• _Problem details_
Set down exactly, from the records below, the line with "Участковая в одиночку" through the line with "5524 FOUNTAIN BAY DR, Memphis, TN 38120", and nothing else.

[Short descriptive text snippets]
○ ○ ○ ○ ○

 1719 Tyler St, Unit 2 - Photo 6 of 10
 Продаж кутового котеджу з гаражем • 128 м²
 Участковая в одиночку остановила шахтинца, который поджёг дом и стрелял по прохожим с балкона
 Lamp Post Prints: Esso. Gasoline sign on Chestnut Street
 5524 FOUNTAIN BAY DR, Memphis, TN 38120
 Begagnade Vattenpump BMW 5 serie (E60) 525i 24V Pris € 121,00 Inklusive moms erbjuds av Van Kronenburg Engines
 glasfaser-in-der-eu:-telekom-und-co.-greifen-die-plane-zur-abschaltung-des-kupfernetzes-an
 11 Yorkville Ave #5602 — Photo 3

○ ○ ○ ○ ○

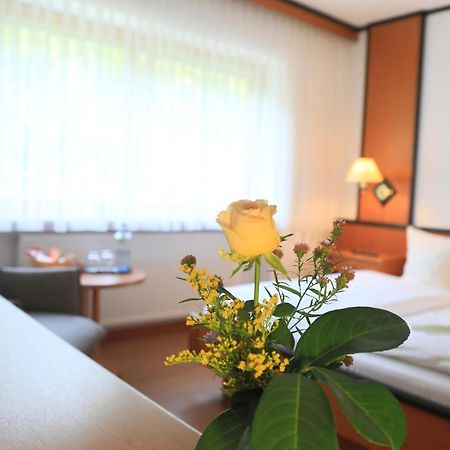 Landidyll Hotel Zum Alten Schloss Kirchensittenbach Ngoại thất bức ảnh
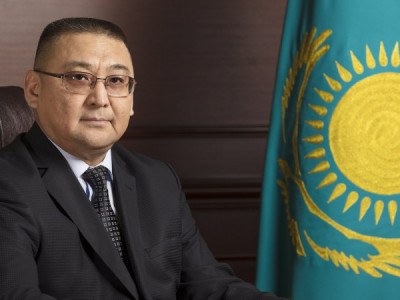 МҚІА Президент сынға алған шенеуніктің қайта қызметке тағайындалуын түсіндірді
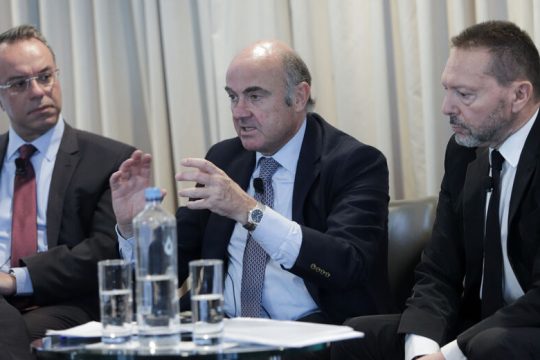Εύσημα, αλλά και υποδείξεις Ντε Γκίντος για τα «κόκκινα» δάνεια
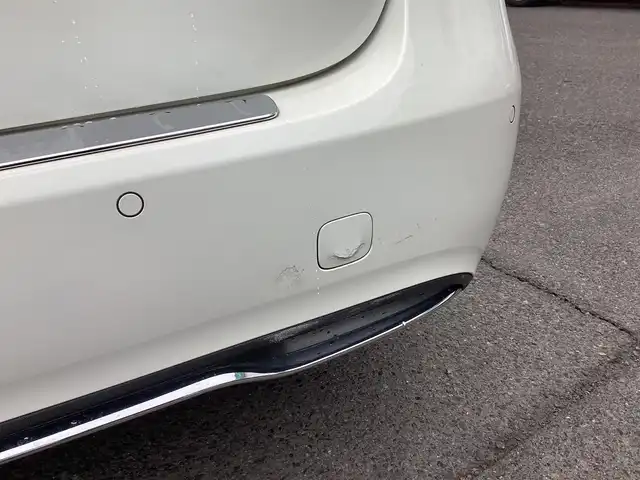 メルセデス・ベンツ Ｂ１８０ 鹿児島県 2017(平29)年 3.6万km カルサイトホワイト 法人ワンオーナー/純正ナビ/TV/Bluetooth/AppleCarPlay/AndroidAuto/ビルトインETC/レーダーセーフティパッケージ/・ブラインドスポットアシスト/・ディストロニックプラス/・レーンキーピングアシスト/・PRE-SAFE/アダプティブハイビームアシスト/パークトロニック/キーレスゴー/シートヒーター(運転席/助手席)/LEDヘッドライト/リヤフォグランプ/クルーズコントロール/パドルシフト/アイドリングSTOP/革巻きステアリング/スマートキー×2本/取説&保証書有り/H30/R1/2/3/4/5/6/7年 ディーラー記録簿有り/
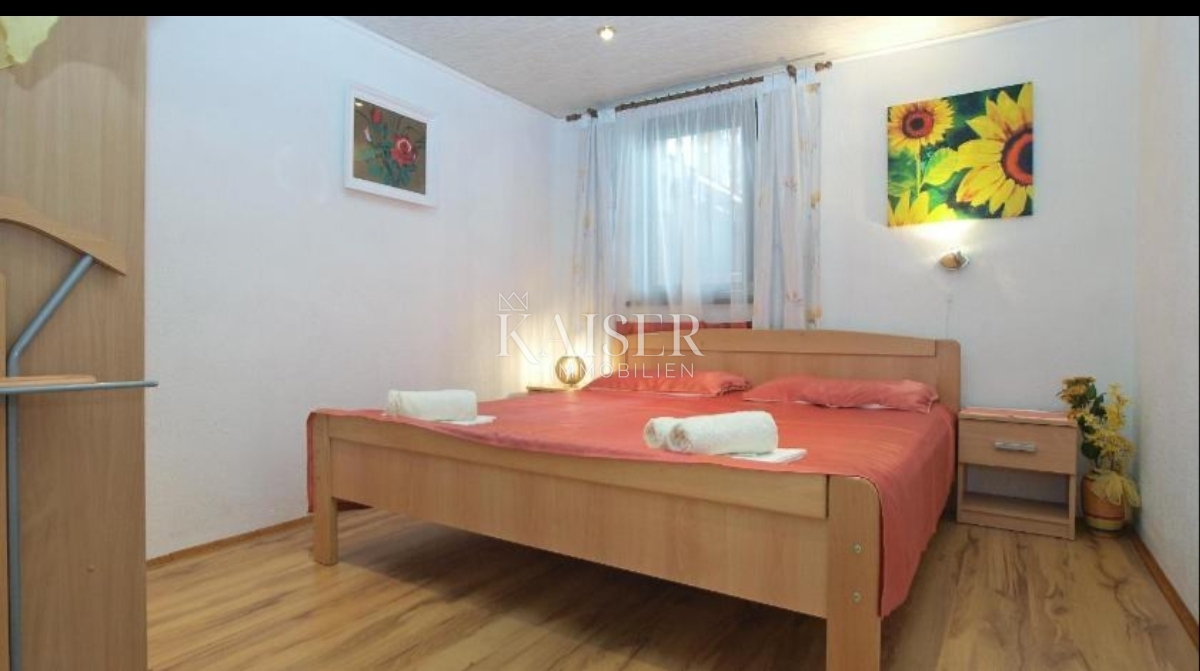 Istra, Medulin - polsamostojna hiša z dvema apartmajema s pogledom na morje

○ ○ ○ ○ ○

• _Written solution_
 Участковая в одиночку остановила шахтинца, который поджёг дом и стрелял по прохожим с балкона
 Lamp Post Prints: Esso. Gasoline sign on Chestnut Street
 5524 FOUNTAIN BAY DR, Memphis, TN 38120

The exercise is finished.